But sometimes, this X-Y problem editorializing mechanism gets so enthusiastic that it can detract from a correct answer. Here's a famous example of a string bytes extraction question with smart people arguing with the correct answers from user541686 (was Mehrdad) and Michael Buen:

+ correct answer has lots of X-Y pushback in the comments: https://stackoverflow.com/questions/472906/how-do-i-get-a-co...

+ another correct answer from Buen that emphasizes user541686/Mehrdad works for broken unpaired surrogates: https://stackoverflow.com/questions/472906/how-do-i-get-a-co...

The meta layer issue is that the question is underspecified which causes 2 sides with very intelligent people arguing whether or not it's an X-Y problem!

I think the top answer in your example is highly misleading and deserves to have the caveats highlighted more clearly even though it's not "wrong". It is saying, "you don't need to worry about encoding", but really the point it is proving is "if you just use ONLY toCharArray and BlockCopy on ONLY one system and framework version then you can be sure they always use the same encoding as one another, so in that situation you don't need to worry".

So, the solution works, but only in specific situations which are not clearly explained and might be totally unrelated from OP's situation, and furthermore it doesn't really address the second part of OP's question "why take encoding into consideration?" I wouldn't necessarily call the problems with that answer just "XY pushback".

Only when you know enough about the person's context to be able to tell them what question they should be asking instead.

If you don't have that context, then the correct thing to do is to ask for more information, or say, "did you consider this", or find some other way to come up with a constructive response. You don't just assume you know what the person really wants to do and then try to mainsplain it to them.

Really, it depends the context. You might be aware that’s not something to generally do and still want to know the answer to the actual question.

But not a valid answer. That's what comments are for.

If the question were about full validated parsing of HTML with a regex, then I'd agree that "You can't do that" might be part of a valid answer. But finding tags is not doing a full validating parse.

Note that the set of valid C programs is not a context-free language. Yet it's common to use a context free-based approach to parsing. You just add additional code to handle the context-sensitive aspects (such as a symbol table).

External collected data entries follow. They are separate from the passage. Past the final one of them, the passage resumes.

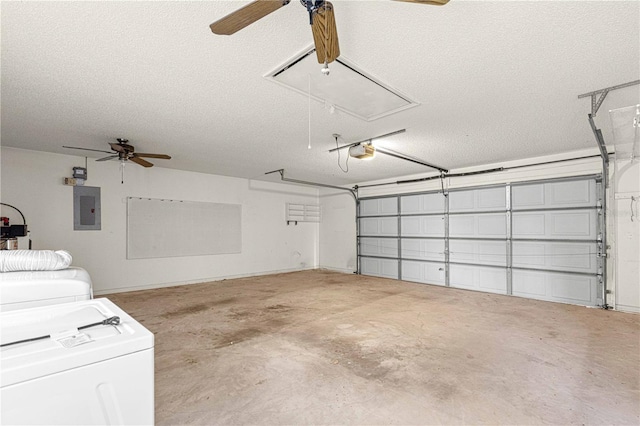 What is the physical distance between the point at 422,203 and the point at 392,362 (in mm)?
4708

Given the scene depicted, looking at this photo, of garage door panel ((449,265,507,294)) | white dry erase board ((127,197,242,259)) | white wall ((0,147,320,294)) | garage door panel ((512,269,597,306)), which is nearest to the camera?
garage door panel ((512,269,597,306))

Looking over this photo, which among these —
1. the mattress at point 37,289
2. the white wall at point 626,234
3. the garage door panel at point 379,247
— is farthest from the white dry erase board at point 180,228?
the white wall at point 626,234

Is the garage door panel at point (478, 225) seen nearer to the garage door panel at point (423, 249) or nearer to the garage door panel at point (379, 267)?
the garage door panel at point (423, 249)

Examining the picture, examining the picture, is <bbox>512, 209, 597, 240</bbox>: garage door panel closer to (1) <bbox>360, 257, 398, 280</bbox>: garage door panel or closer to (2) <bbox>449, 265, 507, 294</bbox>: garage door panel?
(2) <bbox>449, 265, 507, 294</bbox>: garage door panel

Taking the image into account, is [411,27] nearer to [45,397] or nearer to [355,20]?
[355,20]

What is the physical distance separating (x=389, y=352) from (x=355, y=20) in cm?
278

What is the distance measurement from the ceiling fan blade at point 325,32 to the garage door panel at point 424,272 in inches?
226

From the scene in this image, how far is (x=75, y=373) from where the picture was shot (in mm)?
905

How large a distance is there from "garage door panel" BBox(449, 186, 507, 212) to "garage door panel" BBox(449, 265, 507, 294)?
118cm

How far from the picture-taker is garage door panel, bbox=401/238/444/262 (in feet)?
21.2

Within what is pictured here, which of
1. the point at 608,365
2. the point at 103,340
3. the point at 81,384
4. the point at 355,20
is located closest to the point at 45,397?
the point at 81,384

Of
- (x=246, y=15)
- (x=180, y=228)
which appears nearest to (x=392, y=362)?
(x=246, y=15)

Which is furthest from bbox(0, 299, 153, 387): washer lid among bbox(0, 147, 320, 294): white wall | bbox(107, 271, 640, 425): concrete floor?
bbox(0, 147, 320, 294): white wall

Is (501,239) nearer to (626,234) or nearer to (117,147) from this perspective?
(626,234)
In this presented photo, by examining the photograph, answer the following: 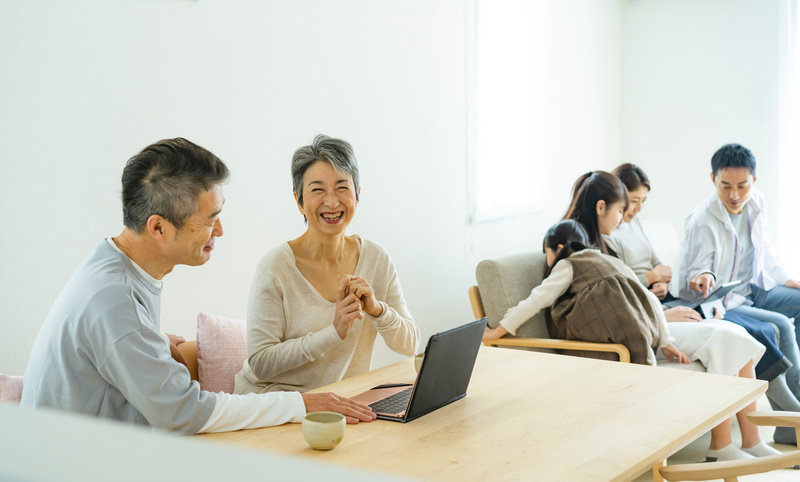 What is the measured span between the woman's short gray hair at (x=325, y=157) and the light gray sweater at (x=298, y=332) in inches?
9.9

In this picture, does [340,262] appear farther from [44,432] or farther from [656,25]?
[656,25]

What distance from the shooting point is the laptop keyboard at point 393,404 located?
1788 millimetres

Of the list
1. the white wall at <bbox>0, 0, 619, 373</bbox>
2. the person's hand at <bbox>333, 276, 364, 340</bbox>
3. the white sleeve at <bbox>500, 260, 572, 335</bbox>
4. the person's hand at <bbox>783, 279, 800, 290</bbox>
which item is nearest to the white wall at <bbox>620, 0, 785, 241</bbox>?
the person's hand at <bbox>783, 279, 800, 290</bbox>

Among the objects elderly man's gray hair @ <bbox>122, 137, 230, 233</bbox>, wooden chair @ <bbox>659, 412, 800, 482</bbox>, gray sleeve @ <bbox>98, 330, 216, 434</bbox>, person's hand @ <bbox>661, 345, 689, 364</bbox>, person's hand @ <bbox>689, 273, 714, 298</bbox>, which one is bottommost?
person's hand @ <bbox>661, 345, 689, 364</bbox>

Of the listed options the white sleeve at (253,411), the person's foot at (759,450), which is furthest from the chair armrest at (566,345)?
the white sleeve at (253,411)

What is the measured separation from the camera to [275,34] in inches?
126

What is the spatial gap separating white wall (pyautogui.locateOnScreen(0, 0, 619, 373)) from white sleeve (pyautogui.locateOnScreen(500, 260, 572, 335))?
2.55 ft

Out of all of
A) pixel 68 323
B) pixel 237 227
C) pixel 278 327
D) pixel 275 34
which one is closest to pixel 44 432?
pixel 68 323

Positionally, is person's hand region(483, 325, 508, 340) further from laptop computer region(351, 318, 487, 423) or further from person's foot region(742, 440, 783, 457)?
laptop computer region(351, 318, 487, 423)

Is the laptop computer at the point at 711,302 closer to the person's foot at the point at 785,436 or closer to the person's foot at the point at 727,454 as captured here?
the person's foot at the point at 785,436

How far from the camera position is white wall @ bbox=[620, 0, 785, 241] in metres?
5.38

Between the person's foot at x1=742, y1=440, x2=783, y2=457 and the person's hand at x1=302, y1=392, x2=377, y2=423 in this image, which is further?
the person's foot at x1=742, y1=440, x2=783, y2=457

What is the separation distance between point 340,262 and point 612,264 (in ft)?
4.52

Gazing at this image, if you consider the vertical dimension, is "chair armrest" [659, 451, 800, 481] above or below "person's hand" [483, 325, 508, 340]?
above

I find this type of answer infinitely more paletable than "your question is answered here" or "comments are not for extended discussion, this conversation has been moved to chat"

According to the post, the more important part of the question is "what do you think", to which "I think you shouldn't, because..." is a good answer.

Yes, I have been down-voted and scolded for answering a question as literally described simply because others would rather assume the ignorance of the questioner. Yes I know people will often ask a question due to not understanding what they are doing, but when 10 other people have already responded with "don't do it that way!" I think it can be useful to actually answer the question as stated (if possible).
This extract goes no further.